Northampton, May 7, 1750."

“ This writing was handed round, and particularly taken notice of in the Council, and read by the members. Such abundant care did I take, that the Council might fully understand, that I by no means insisted, that a man should profess that he was sanctified or converted; and that I was so far from insisting on it, that I disliked such a kind of profession, and such terms of communion. Yet now some of the gentlemen, who were members of that Council, declare to the world from the press, that I declared this very thing to the Council, that I could not in conscience admit persons, unless they first made a profession that they were indeed sanctified. It may be said that, although I produce testimonies to the contrary, yet there are four that write in this declaration, which is sufficient to balance all my testimonies. To this I reply, that the extract from my letter to Mr. Clark of Salem Village, which was laid in before this Council, wherein the contrary was expressly declared, was in writing; and they cannot, and do not deny, that this extract, in these very words, was laid before them. And if they should deny that I ever wrote such a letter, the original is in Mr. Clark's hands; which will speak for itself, if they deny that I have truly represented it.
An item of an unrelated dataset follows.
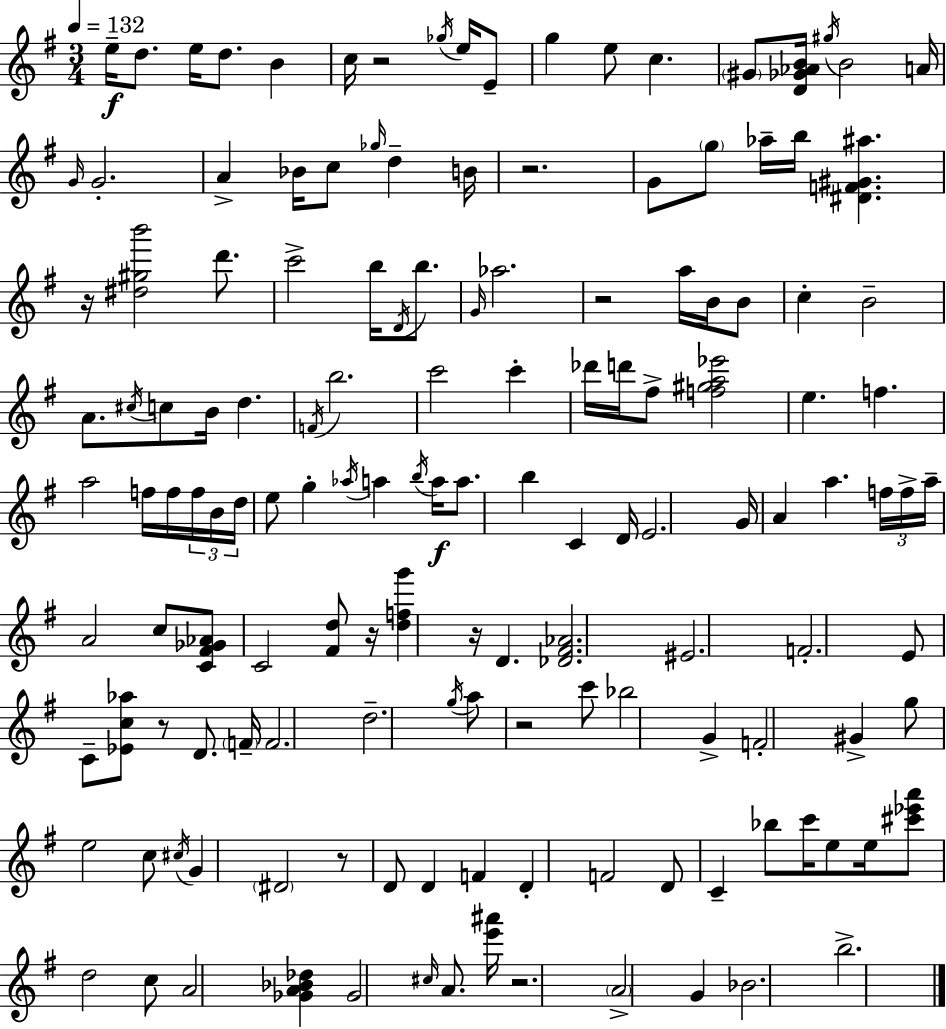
E5/s D5/e. E5/s D5/e. B4/q C5/s R/h Gb5/s E5/s E4/e G5/q E5/e C5/q. G#4/e [D4,Gb4,Ab4,B4]/s G#5/s B4/h A4/s G4/s G4/h. A4/q Bb4/s C5/e Gb5/s D5/q B4/s R/h. G4/e G5/e Ab5/s B5/s [D#4,F4,G#4,A#5]/q. R/s [D#5,G#5,B6]/h D6/e. C6/h B5/s D4/s B5/e. G4/s Ab5/h. R/h A5/s B4/s B4/e C5/q B4/h A4/e. C#5/s C5/e B4/s D5/q. F4/s B5/h. C6/h C6/q Db6/s D6/s F#5/e [F5,G#5,A5,Eb6]/h E5/q. F5/q. A5/h F5/s F5/s F5/s B4/s D5/s E5/e G5/q Ab5/s A5/q B5/s A5/s A5/e. B5/q C4/q D4/s E4/h. G4/s A4/q A5/q. F5/s F5/s A5/s A4/h C5/e [C4,F#4,Gb4,Ab4]/e C4/h [F#4,D5]/e R/s [D5,F5,G6]/q R/s D4/q. [Db4,F#4,Ab4]/h. EIS4/h. F4/h. E4/e C4/e [Eb4,C5,Ab5]/e R/e D4/e. F4/s F4/h. D5/h. G5/s A5/e R/h C6/e Bb5/h G4/q F4/h G#4/q G5/e E5/h C5/e C#5/s G4/q D#4/h R/e D4/e D4/q F4/q D4/q F4/h D4/e C4/q Bb5/e C6/s E5/e E5/s [C#6,Eb6,A6]/e D5/h C5/e A4/h [Gb4,A4,Bb4,Db5]/q Gb4/h C#5/s A4/e. [E6,A#6]/s R/h. A4/h G4/q Bb4/h. B5/h. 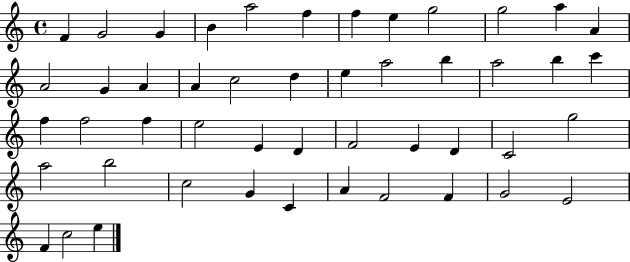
F4/q G4/h G4/q B4/q A5/h F5/q F5/q E5/q G5/h G5/h A5/q A4/q A4/h G4/q A4/q A4/q C5/h D5/q E5/q A5/h B5/q A5/h B5/q C6/q F5/q F5/h F5/q E5/h E4/q D4/q F4/h E4/q D4/q C4/h G5/h A5/h B5/h C5/h G4/q C4/q A4/q F4/h F4/q G4/h E4/h F4/q C5/h E5/q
“That they should make such a declaration, as they have done, is the more remarkable, because this my extract from that letter was printed, long before, in the Preface to my Farewell Sermon, as a designed refutation of such kinds of reports of my opinion, and was referred to, to the same purpose, in the printed Result of the Council which sat at Northampton, which these gentlemen (p. 18) confess that they had seen. And these things from the press were very much known, and taken notice of, in that part of the country where these ministers live, long before. So that, if it were possi

ble for me to defend myself from such injurious representations, and reports, and assertions on the part of those gentlemen, as are here made, one would think it was most effectually done. Yet, notwithstanding all this, they now boldly assert to the world, that I declared that, which, instead of declaring, I, at the time, expressly, carefully and publicly denied, and also declared the very reverse of it, by word of mouth, in their hearing, and in writing addressed to themselves, and afterwards from the press, before the world. If I had perfectly held my peace, and made no declaration of any kind on the subject, and they had then published to the world that I declared this, which they have asserted, it would indeed have been strange; but still, it would have been far less surprising and injurious than now, since I have, with so much pains, declared the contrary, and taken so much care, that they should have full notice of my denying and abhorring the thing, which they say I asserted and insisted on. " I am your friend and brother,

“ JONATHAN EDWARDS."

In the course of the spring, the Reply of the Rev. Solomon Williams, of Lebanon, Connecticut, to the Treatise of Mr. Edwards, on the Qualifications for Communion, issued from the press.* The task of preparing this work was not, originally, of the author's own seeking. As has been already mentioned, his half-brother, at the request of some of the opposers of Mr. Edwards in Northampton, began, in 1749, to collect materials for this reply. In this work, he had proceeded some distance, we know not how far, when the necessity of his embarking for England compelled him to relinquish it; and he placed his papers in the hands of his brother, in whose name the work appeared. What its character would have been, had he completed it himself, cannot now be known; but, after reading it, as it actually came forth from the hands of the two brothers, the friends of the lax mode of admission, conscious as they were of danger to their cause, from the Enquiry of Mr. Edwards, must have felt, if they did not say, “ Non tali auxilio, nec defensoribus istis, tempus eget.” That the author, though he styled his work an Answer to the Treatise of Mr. Edwards, perceived it to be no easy task to furnish a real answer to his arguments, is obvious from the fact, that he continually misrepresents its design, and the nature of the question in controversy. He often asserts it to be the

* The title of this samphlet is, "The True State of the Question concerning the Qualifications necessary to lawful Communion in the Christian Sacraments; being an Answer to the Rev. Mr. Jonathan Edwards' Book, entitled. An Humble Enquiry into the Rules of the Word of God, concerning the Qualifications requisite to a complete standing, and full Communion, in the Visible Christian Church; by Solomon Williams, A. M." Boston, 1751.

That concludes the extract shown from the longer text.